(Records from a dataset)
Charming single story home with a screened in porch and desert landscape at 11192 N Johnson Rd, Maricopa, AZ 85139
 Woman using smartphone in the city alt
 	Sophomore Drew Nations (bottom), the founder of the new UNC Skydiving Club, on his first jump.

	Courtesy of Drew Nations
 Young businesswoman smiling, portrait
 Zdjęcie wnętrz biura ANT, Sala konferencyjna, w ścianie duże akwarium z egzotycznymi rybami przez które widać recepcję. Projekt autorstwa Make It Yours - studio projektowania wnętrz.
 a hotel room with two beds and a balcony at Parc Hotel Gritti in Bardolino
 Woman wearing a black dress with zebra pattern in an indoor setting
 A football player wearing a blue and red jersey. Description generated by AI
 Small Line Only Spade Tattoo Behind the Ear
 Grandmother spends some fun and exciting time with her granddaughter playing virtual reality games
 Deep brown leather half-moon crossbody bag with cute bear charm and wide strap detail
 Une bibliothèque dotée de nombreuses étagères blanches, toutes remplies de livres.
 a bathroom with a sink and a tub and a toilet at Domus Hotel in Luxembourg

What the task asks:
Print every record exactly as it was given.

Written answer:
Charming single story home with a screened in porch and desert landscape at 11192 N Johnson Rd, Maricopa, AZ 85139
 Woman using smartphone in the city alt
 	Sophomore Drew Nations (bottom), the founder of the new UNC Skydiving Club, on his first jump.

	Courtesy of Drew Nations
 Young businesswoman smiling, portrait
 Zdjęcie wnętrz biura ANT, Sala konferencyjna, w ścianie duże akwarium z egzotycznymi rybami przez które widać recepcję. Projekt autorstwa Make It Yours - studio projektowania wnętrz.
 a hotel room with two beds and a balcony at Parc Hotel Gritti in Bardolino
 Woman wearing a black dress with zebra pattern in an indoor setting
 A football player wearing a blue and red jersey. Description generated by AI
 Small Line Only Spade Tattoo Behind the Ear
 Grandmother spends some fun and exciting time with her granddaughter playing virtual reality games
 Deep brown leather half-moon crossbody bag with cute bear charm and wide strap detail
 Une bibliothèque dotée de nombreuses étagères blanches, toutes remplies de livres.
 a bathroom with a sink and a tub and a toilet at Domus Hotel in Luxembourg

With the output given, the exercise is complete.